Wake Up Dead Man Is The Darkest Movie In The Trilogy, And For Good Reason

Mild spoilers follow.

The first thing that sticks out with "Wake Up Dead Man" is how heavy it feels. The first "Knives Out" centered around a cozy New England whodunnit and featured a quirky protagonist who vomits when she lies. The second "Knives Out" film takes place on a beautiful Greek island, with a villain more funny than threatening. But this third movie takes place in a creepy Gothic church, with a protagonist stuck in a spiritual crisis and a group of suspects who aren't particularly funny at all. The suspects range from sad to despicable; they'll get funny lines sometimes, but that's not enough to dispel the terrible vibes most of them give off. 

There are a couple reasons for this tonal shift. The first is that "WUDM" takes clear inspiration from gothic writer Edgar Allan Poe, who wrote the first-ever detective story ("The Murders in the Rue Morgue," referenced directly in the film) and who's famous for writing tragic tales of people suffering from overwhelming guilt, obsession, despair, and so on. For director/writer Rian Johnson to truly embrace the Poe-esque vibes, he'd have to show more restraint than usual in the jokes department. 

Another reason for the shift is the switch in theme. The first two "Knives Out" films are class commentaries, with the script constantly skewering its cast of rich and superficial characters. There's a lot of easy comedy to mine from out-of-touch millionaires whose proclaimed values disappear the second their wealth is threatened, and both "Knives Out" and "Glass Onion" take full advantage of this. But "Wake Up Dead Man" isn't really about class, but about faith. The stakes for the main mystery are mostly spiritual, not financial, and that changes up the vibes entirely. 

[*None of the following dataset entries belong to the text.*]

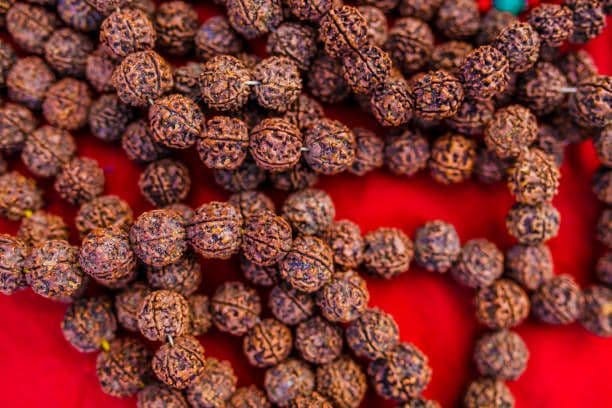 Rudraksha Mala 108 Beads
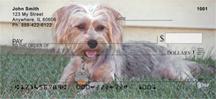 Silky Terriers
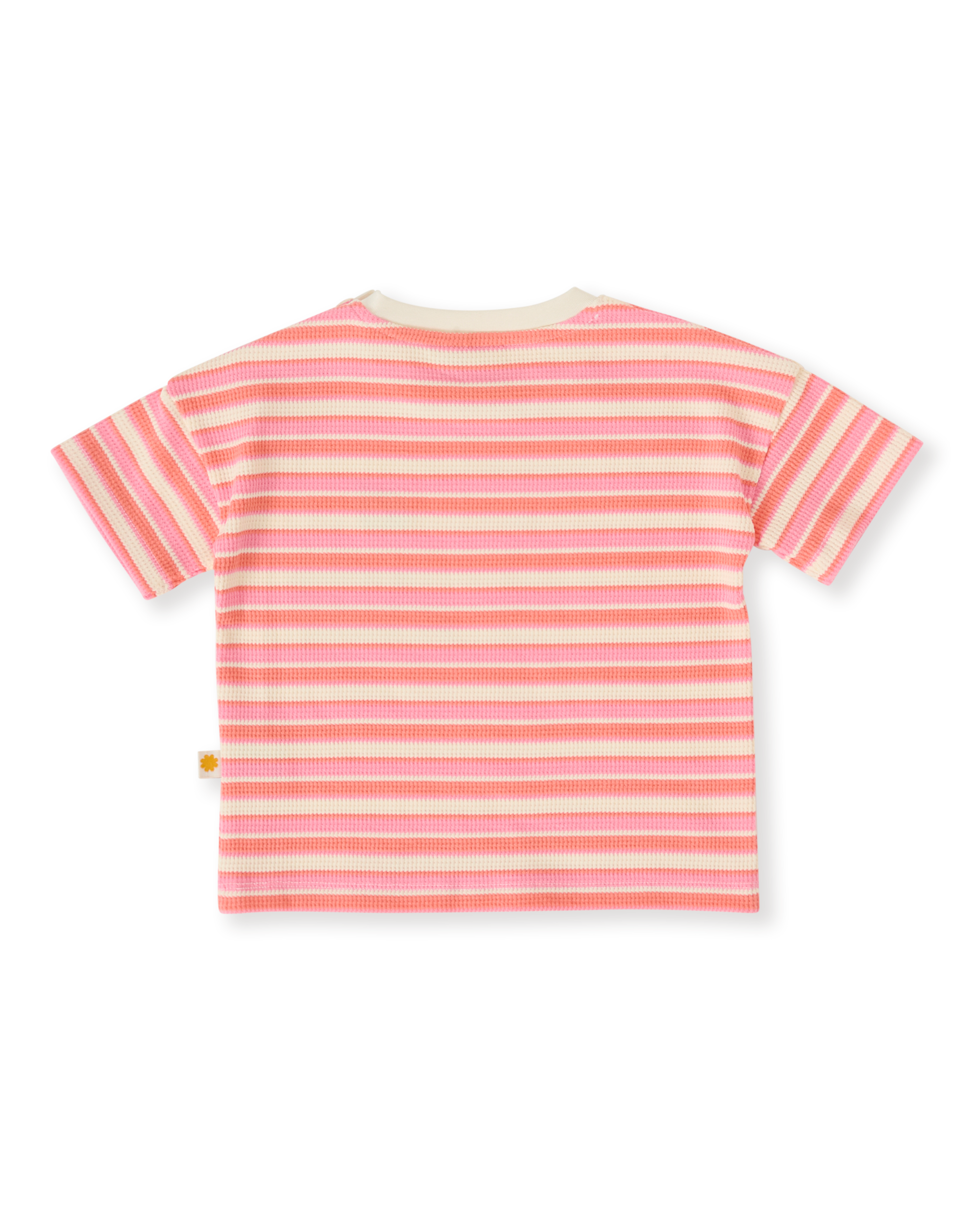 Goldie & Ace watermelon stripe t-shirt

Wake Up Dead Man is about a battle for America's soul

Rian Johnson's approach to each "Knives Out" movie has always been to reflect on modern times, with his characters serving as modern-day archetypes in the same way Agatha Christie's characters served as 20th-century archetypes. Every character is written with enough specificity to feel like a real person, but they also represent a larger trend going on in the real world. 

Case in point: one of the new film's most important characters, Monsignor Jefferson Wicks (Josh Brolin), is a cruel, domineering leader who has a stranglehold over his community that our protagonist Father Jud (Josh O'Connor) finds baffling and disturbing. Wicks believes that his role as leader of the church is to rule through fear, lies and hatred, while Jud believes his role should be about helping people and encouraging compassion and grace. 

The movie is an ideological battle between these two perspectives, with the stakes raised higher by the not-so-subtle indications that the church is a metaphor for America as a whole. Wicks feels like Rian Johnson's take on the MAGA movement in Trump's second term, while the cast of suspects feel like Johnson's take on the different types of Trump supporters, from the openly vindictive (Andrew Scott's Lee Ross), to the self-serving (Daryl McCormach's Cy Draven) to the simply misguided (Cailee Spaeny's Simone Vivane). The previous "Knives Out" movies have also commented on Trump and his supporters, but they've never done so as seriously and as directly as it's done here. 

Politics aside, the Knives Out franchise really needed this shift in tone

Not everyone will appreciate this third film's direct approach to American politics, but the ideological stakes still work even if you ignore the political subtext entirely. Main character Father Jud isn't merely fighting for the soul of the church but trying to figure out his own relationship with it, and by extension trying to figure out what his purpose in life is. "Wake Up Dead Man" never sneers at religion; it takes Jud's crisis of faith seriously from start to finish. "Wake Up Dead Man" doesn't shy away from Jud's religious belief and all the existential guilt that comes with it, and that lends extra weight to his and detective Benoit Blanc's need to get to the bottom of this mystery.

This approach feels fitting because, well, the "Knives Out" franchise was running the risk of getting too lighthearted. "Knives Out" held the line well between comedy and drama, but "Glass Onion" marked a clear shift into goofball comedy. It's a very silly movie, one with cartoonishly dumb suspects and a mystery that's revealed to basically be one giant joke calling Elon Musk an idiot. It made for a fun time at the movie theater, sure, but its humorous subversions were the sort of thing the franchise should only do once. 

Thankfully, Johnson has once again embraced his Agatha Christie roots by radically shifting up the tone. Instead of three "Knives Out" movies that grew increasingly comedic, so far the series has gone from a cozy autumn dramedy, a vacation comedic farce, and now a dark gothic thriller. Now nobody can credibly claim that Rian Johnson is a one-trick pony, just as now nobody can predict where Johnson will take the series next.